Olympia

Das Archäologische Museum in Olympia ist auf jeden Fall einen Besuch wert. Das Museum in der heutigen Form wurde 1975 fertiggestellt und 2003 renoviert.

Seine schlichte Gestaltung ist allein dem Zweck der Darstellung seiner Exponate untergeordnet.

Monumental und der Blickpunkt des Museums ist die Rekonstruktion der Figuren am Architrav des Zeustempels. Die Skulpturengruppe im Westgiebel des Zeustempels in Olympia wird auf die Zeit um 460 v. Chr. datiert und dem sogenannten strengen Stil zugeordnet.

Dargestellt ist der Kampf der Lapithen, einem Volk Thessaliens, gegen die Zentauren, einer mythischen Rasse von Mischwesen bestehend aus Mensch und Pferd.

Im Zentrum der Figurengruppe steht der junge Apollon, der sein Haupt in Richtung zu den Lapithen neigt. Die anderen Figuren stehen in keinem Bezug zu dem Gott, der unsichtbar zwischen den kämpfenden Gruppen erscheint.
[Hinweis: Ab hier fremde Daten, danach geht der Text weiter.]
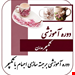 آموزش مجازی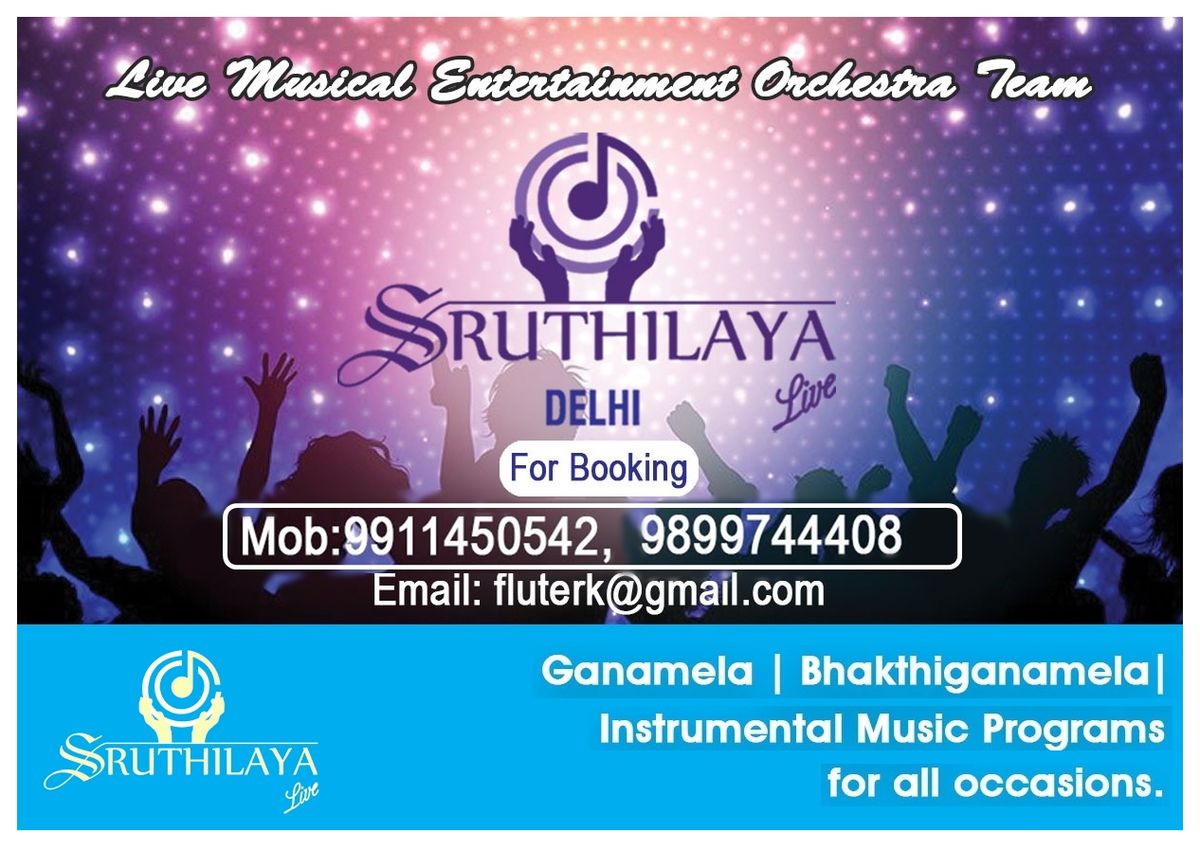 Sruthilaya Live: Musical Magic with Vaikkom Vijayalakshmi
Weniger gut erhalten ist diese Gruppe von Statuen, die sich ursprünglich am Ostgiebel des Zeustempels befanden. Dargestellt sind die Vorbereitungen für das Wagenrennen zwischen Pelops und Oinomaos, dem mythischen Herrscher des bei Olympia gelegenen Pisa. Die richtige Anordnung der Figuren, die verstreut an der Ausgrabungsstätte gefunden wurden, ist bis heute nicht abschließend geklärt.

Ein weiterer Höhepunkt der Ausstellung ist der Hermes von Praxiteles, eine Marmorfigur, die in der Blüte der Bildhauerei entstanden ist. Dargestellt ist der Götterbote Hermes, der auf seinem rechten Arm seinen Sohn Hermaphroditos trägt.

Die Figur wird auf 340 v. Chr. datiert. Sie trägt ihren Namen nach dem Bildhauer Praxiteles, dem diese Figur zugeordnet wird. In der Wissenschaft ist diese Zuordnung nicht ganz unbestritten.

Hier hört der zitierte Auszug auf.